The Prophecy concerning Babylon

501 The Lord gave Jeremiah the prophet this message concerning Babylon and the land of the Babylonians. 2 This is what the Lord says: "Tell the whole world, and keep nothing back. Raise a signal flag to tell everyone that Babylon will fall! Her images and idols will be shattered. Her gods Bel and Marduk will be utterly disgraced. 3 For a nation will attack her from the north and bring such destruction that no one will live there again. Everything will be gone; both people and animals will flee. 4 "In those coming days," says the Lord, "the people of Israel will return home together with the people of Judah. They will come weeping and seeking the Lord their God. 5 They will ask the way to Jerusalem and will start back home again. They will bind themselves to the Lord with an eternal covenant that will never be forgotten. 6 "My people have been lost sheep. Their shepherds have led them astray and turned them loose in the mountains. They have lost their way and can't remember how to get back to the sheepfold. 7 All who found them devoured them.
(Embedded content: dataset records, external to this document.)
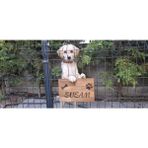 Evcil Hayvan Kapı Isimliği - Kişiye Özel Lazer Yazılı Ahşap Köpek Kulübesi Isimliği - Masif Gürgen - 15x25 cm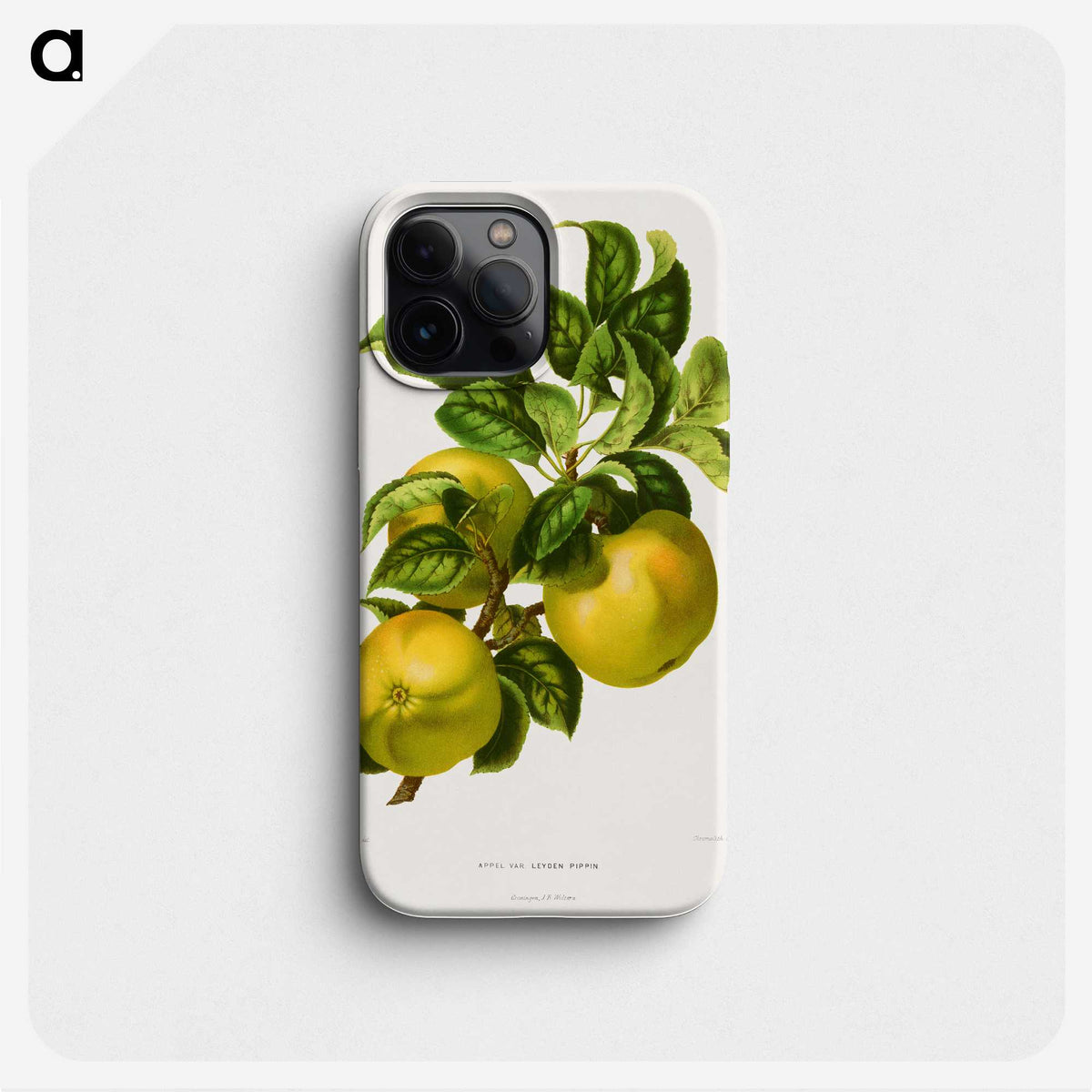 1-62_Nederlandsche-Flora-en-Pomona_phone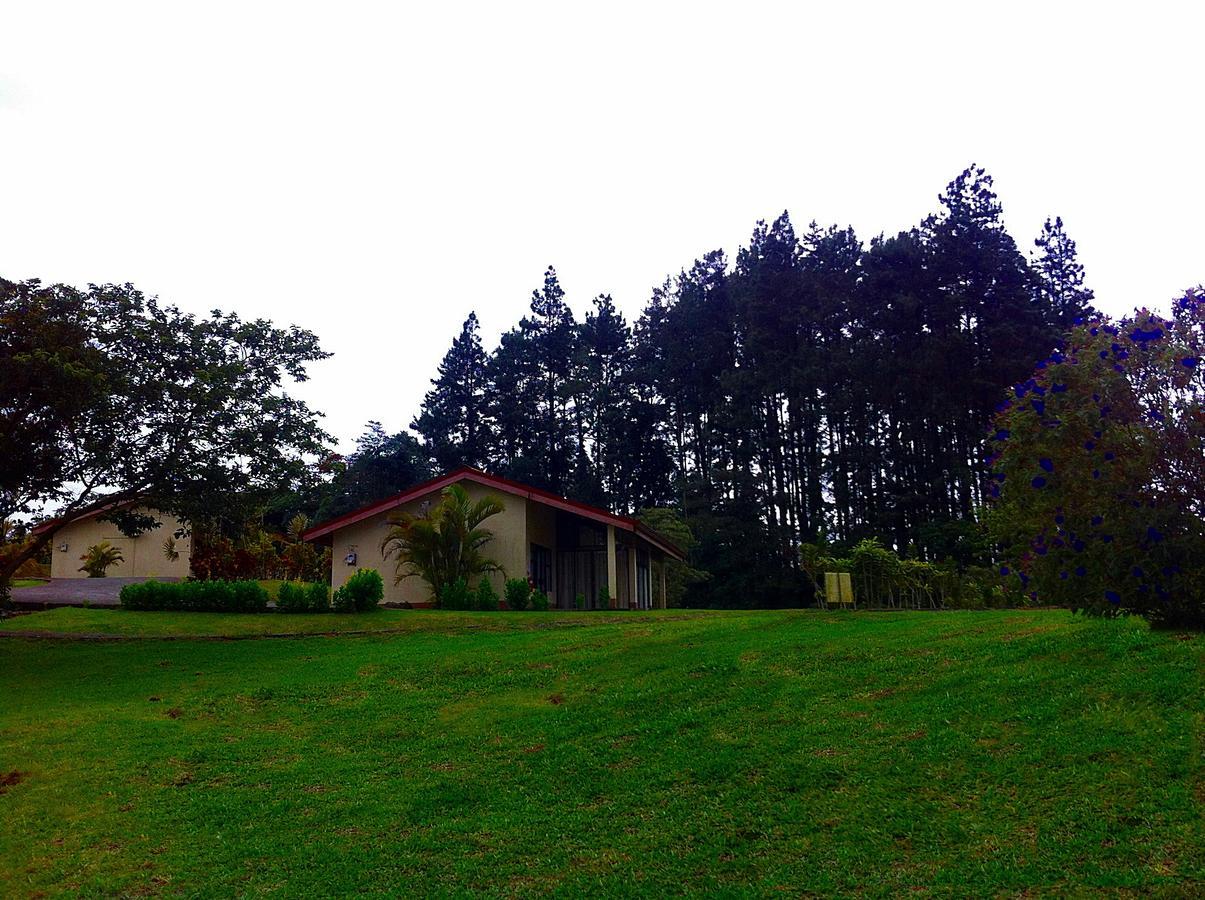 ホテル Termales Del Bosque & Hot Springs La Marina エクステリア 写真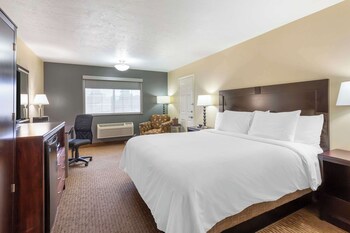 Standard Room, 1 King Bed, Accessible, Non Smoking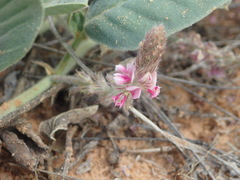 Requienia sphaerosperma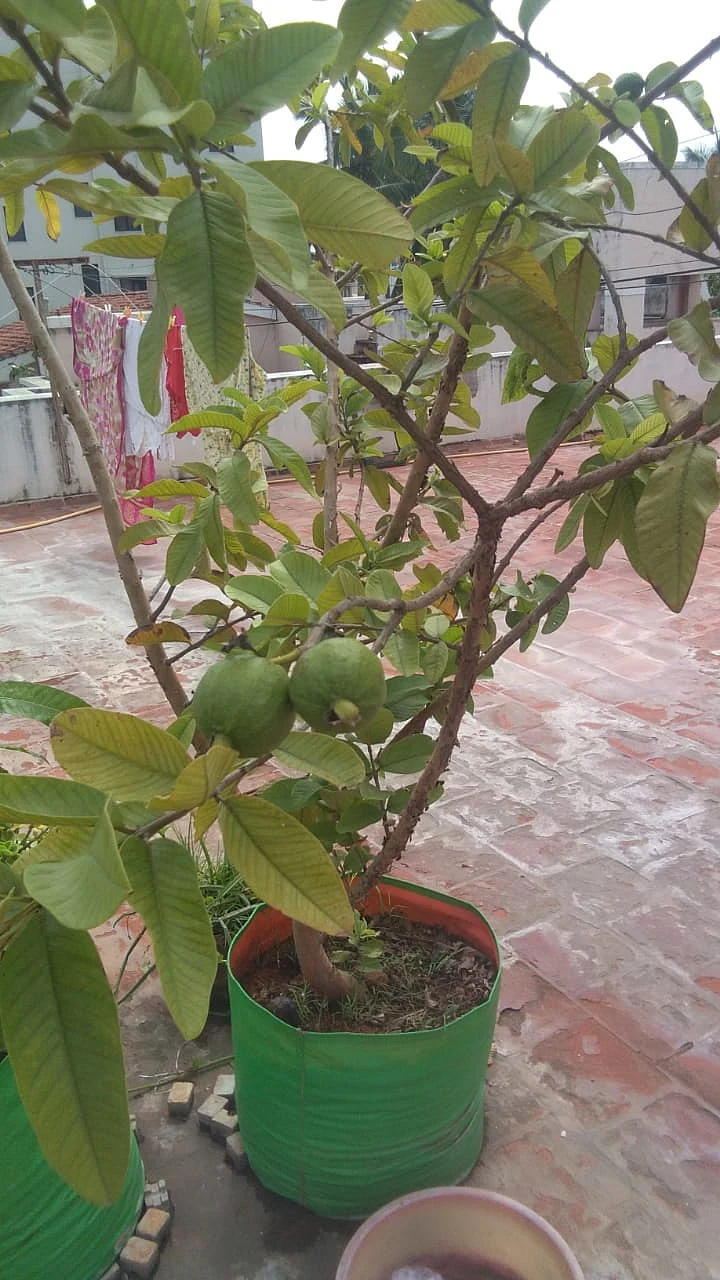கொய்யா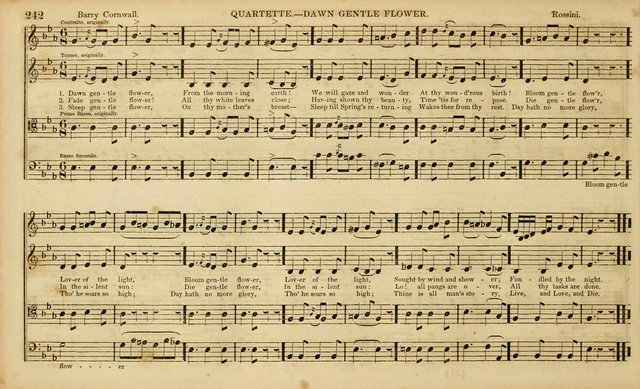 The Mozart Collection of Sacred Music: containing melodies, chorals, anthems and chants, harmonized in four parts; together with the celebrated Christus and Miserere by ZIngarelli page 242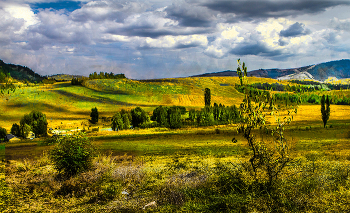 autumn motive / ***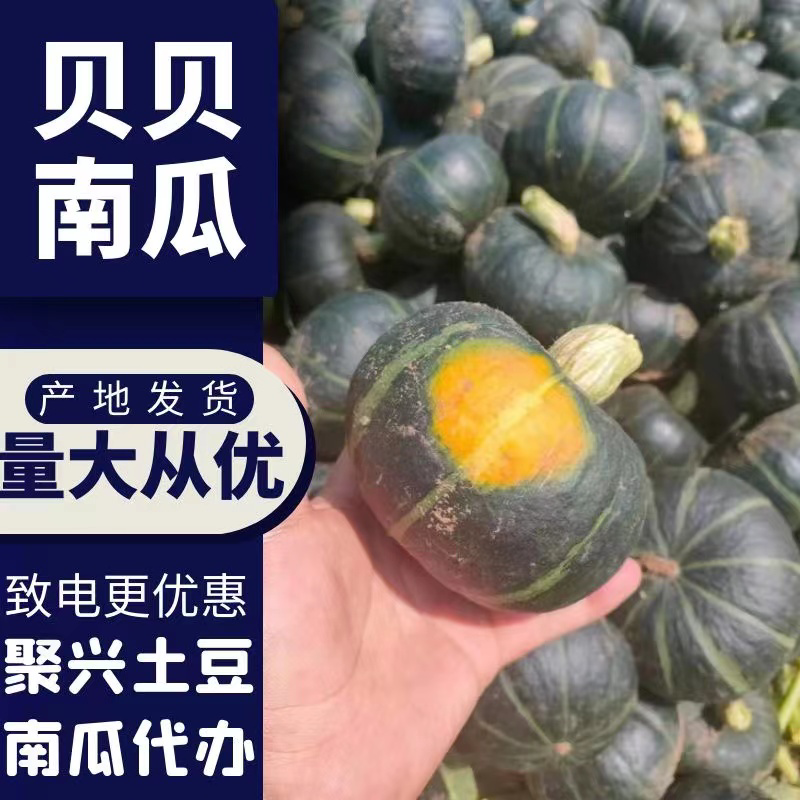 精品贝贝南瓜粉糯香甜质量保证售后保证欢迎来电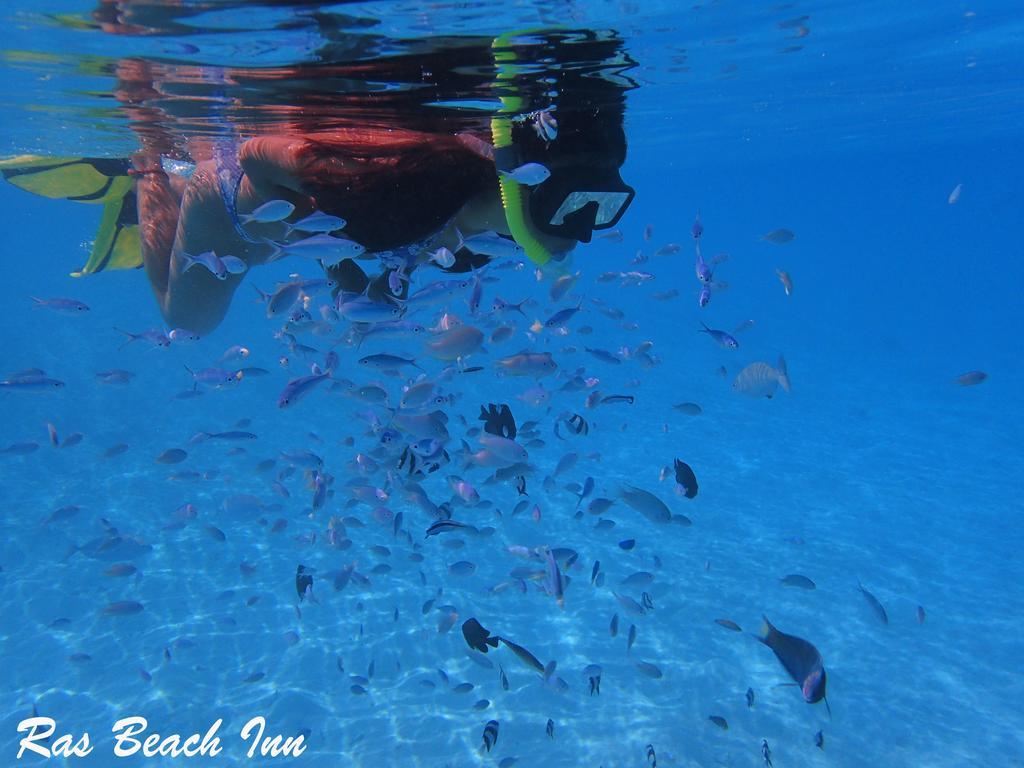 Ras Beach Inn Rasdhoo Exterior foto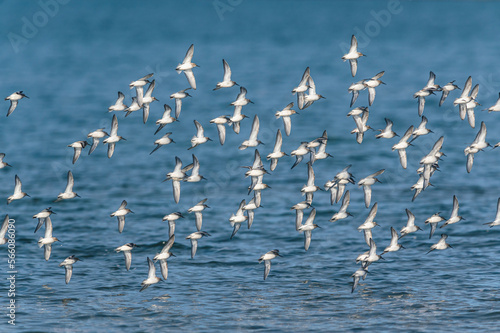 Dunlin  Calidris alpina - Dunlins in flight over environment during migration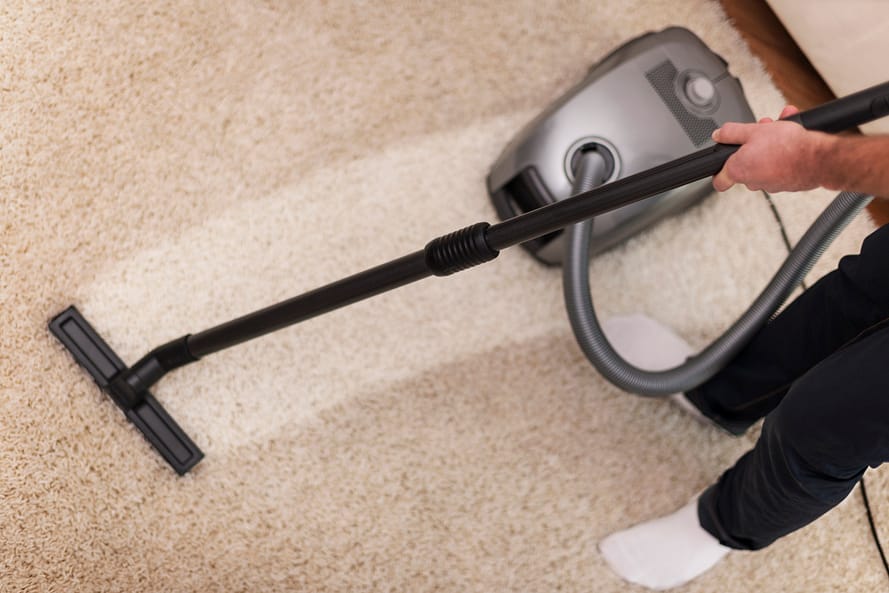 Vacuuming Pet Carpet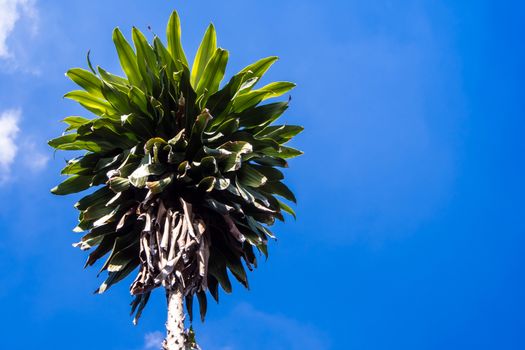 A Low Vantage Point to the dried and green leaves of Dracaena plant , Looking up to the sky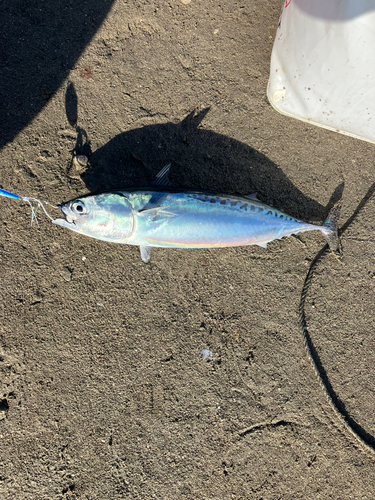 マルソウダの釣果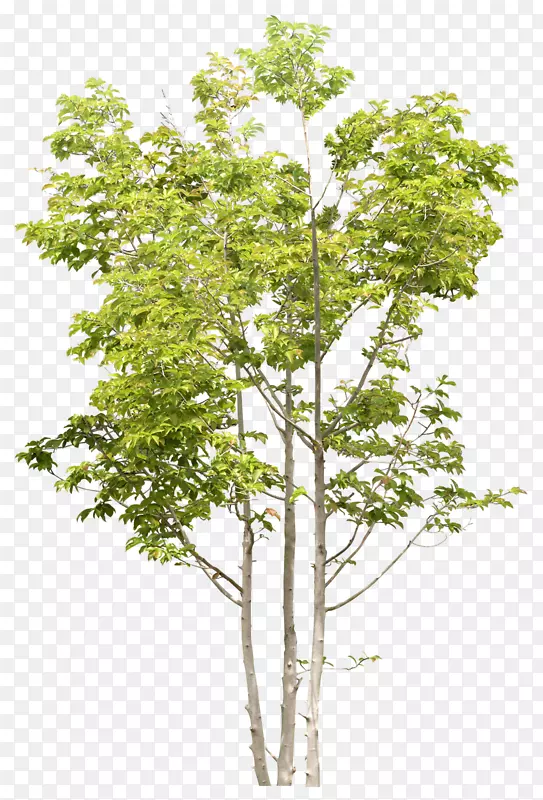 ��ɫ����-������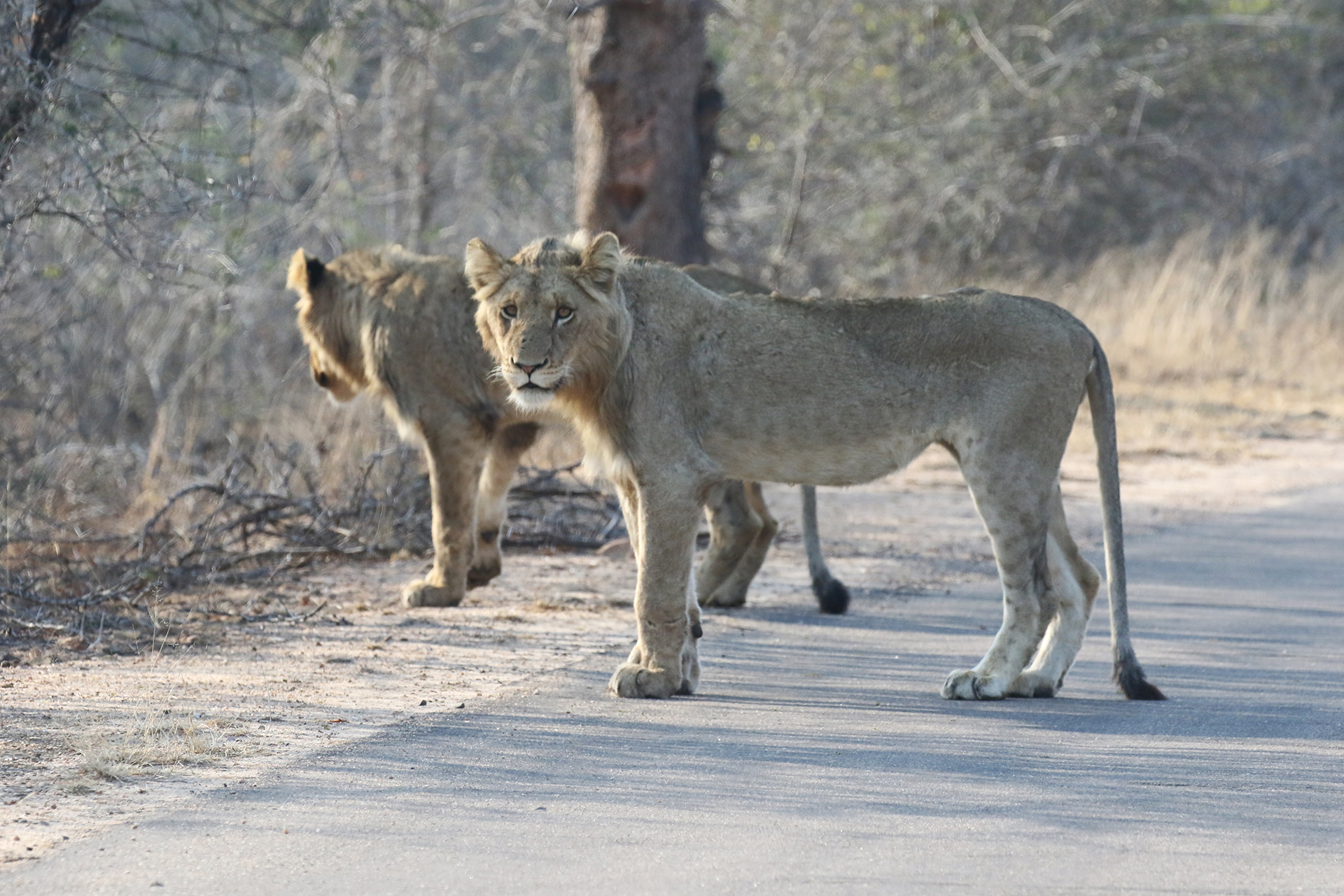 south africa sudafrica exploringafrica safariadv kruger lion safari travel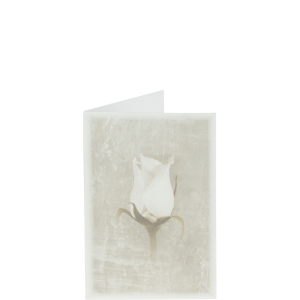 Trauerbild "Weiße Rose" Trauerbild "Weiße Rose"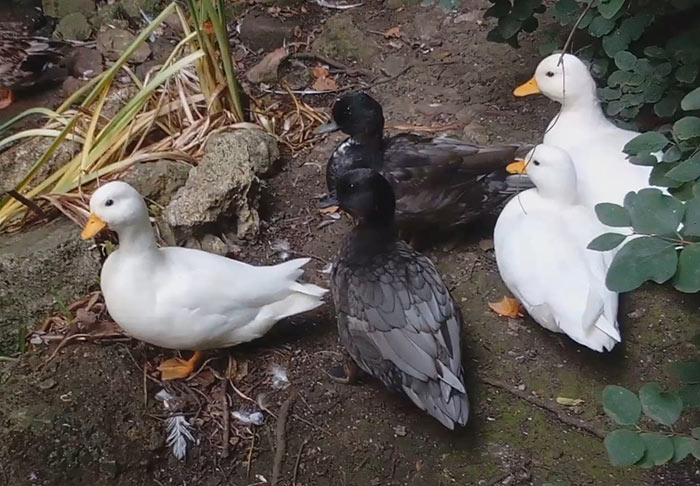 cute white and black call duck friends exploring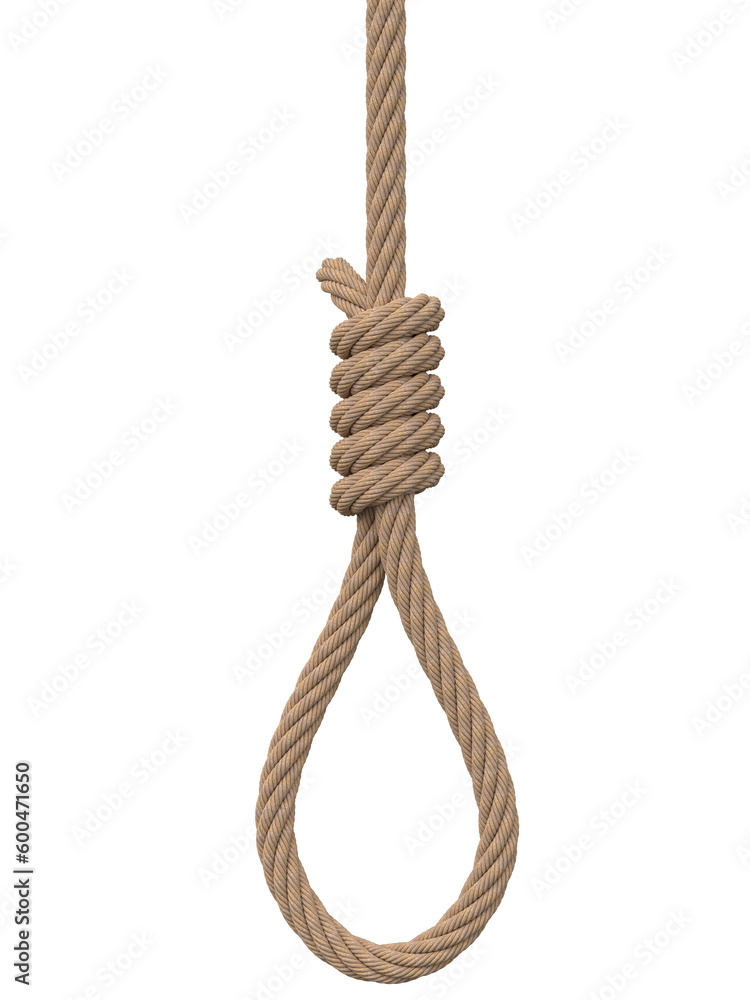 rope with hangman's noose 3d rendering rope with hangman's noose 3d rendering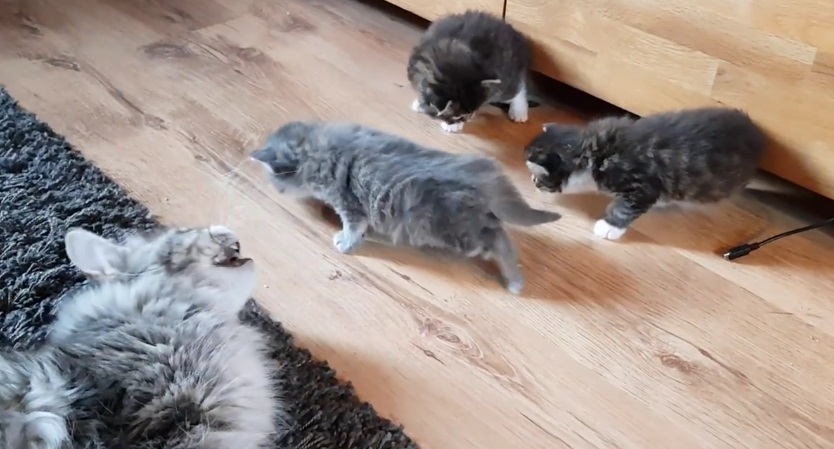 Maine Coon Mother Talks With Kittens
Their enemies said, 'We did nothing wrong in attacking them, for they sinned against the Lord, their true place of rest, and the hope of their ancestors.'

Matthew Henry's Commentary on Jeremiah 50:1-7

Commentary on Jeremiah 50:1-7

(Read Jeremiah 50:1-7)

The king of Babylon was kind to Jeremiah, yet the prophet must foretell the ruin of that kingdom. If our friends are God's enemies, we dare not speak peace to them. The destruction of Babylon is spoken of as done thoroughly. Here is a word for the comfort of the Jews. They shall return to their God first, then to their own land; the promise of their conversion and reformation makes way for the other promises. Their tears flow not from the sorrow of the world, as when they went into captivity, but from godly sorrow. They shall seek after the Lord as their God, and have no more to do with idols. They shall think of returning to their own country. This represents the return of poor souls to God. In true converts there are sincere desires to attain the end, and constant cares to keep in the way. Their present case is lamented as very sad. The sins of professing Christians never will excuse those who rejoice in destroying them.